= Oblique dendrite =

Type of extensions of neurons

An oblique dendrite is a dendrite that branches from an apical dendrite that emerges from the apex of a pyramidal cell. Oblique dendrites typically branch one to two times before terminating. Dendrites are extensions of the cell body of a neuron.

==Growth and development==

The growth and development of oblique dendrites in rats has been linked to the type of environment, or condition, they are placed in. This is also known as environmental enrichment. The three types of conditions used in studies are an enriched conditioned, standard condition, and impoverished condition. The enriched condition contains mazes, an exercise wheel, other rats, and toys. The standard condition generally has a wheel for voluntary exercise and other rats. The impoverished condition only contains fellow rats.

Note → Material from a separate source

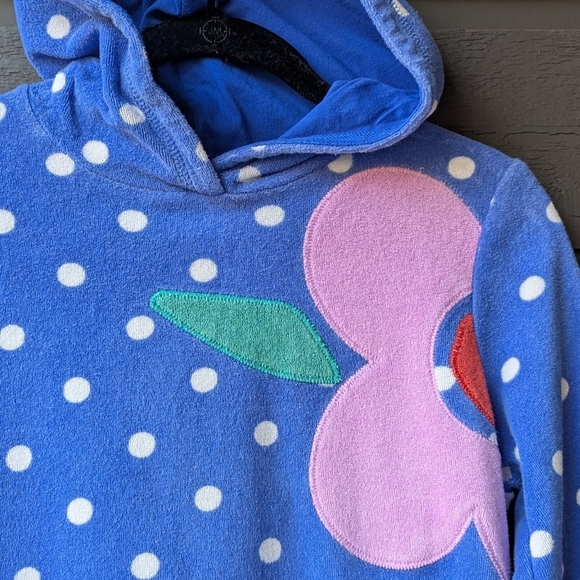 Mini Boden Polka Dot Flowers Terrycloth Beach Swim Coverup Shower Robe 9-10Y - Picture 2 of 7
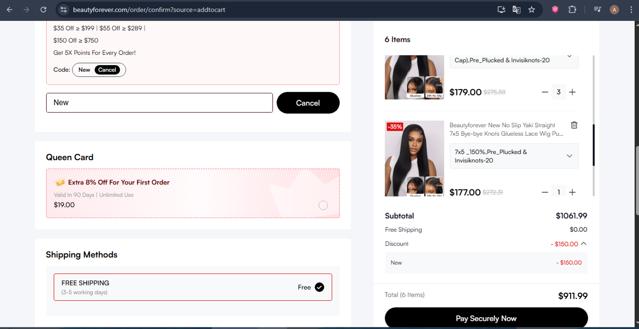 Beauty Forever Hair checkout page showing Beauty Forever Hair discount code box | Screenshot taken by SimplyCodes community member on Sep 12, 2025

Animals placed in an enriched environment had heavier, thicker cortexes and an increase in the number of dendritic branches (including oblique dendrites) in the hippocampus than the standard or impoverished condition. This phenomenon is known as neuroplasticity. Furthermore, the enriched condition may show in increase in monoamine neurotransmitter release such as serotonin and noradrenaline which have been linked to synaptic plasticity and learning. This is important because an increase in oblique dendrites and dendritic branching allows for increased neurotransmitter uptake. Environmental enrichment is crucial in early brain development due to increase formation of synapses, or synaptogenesis. This results in an increase in oblique dendrites and dendritic branching.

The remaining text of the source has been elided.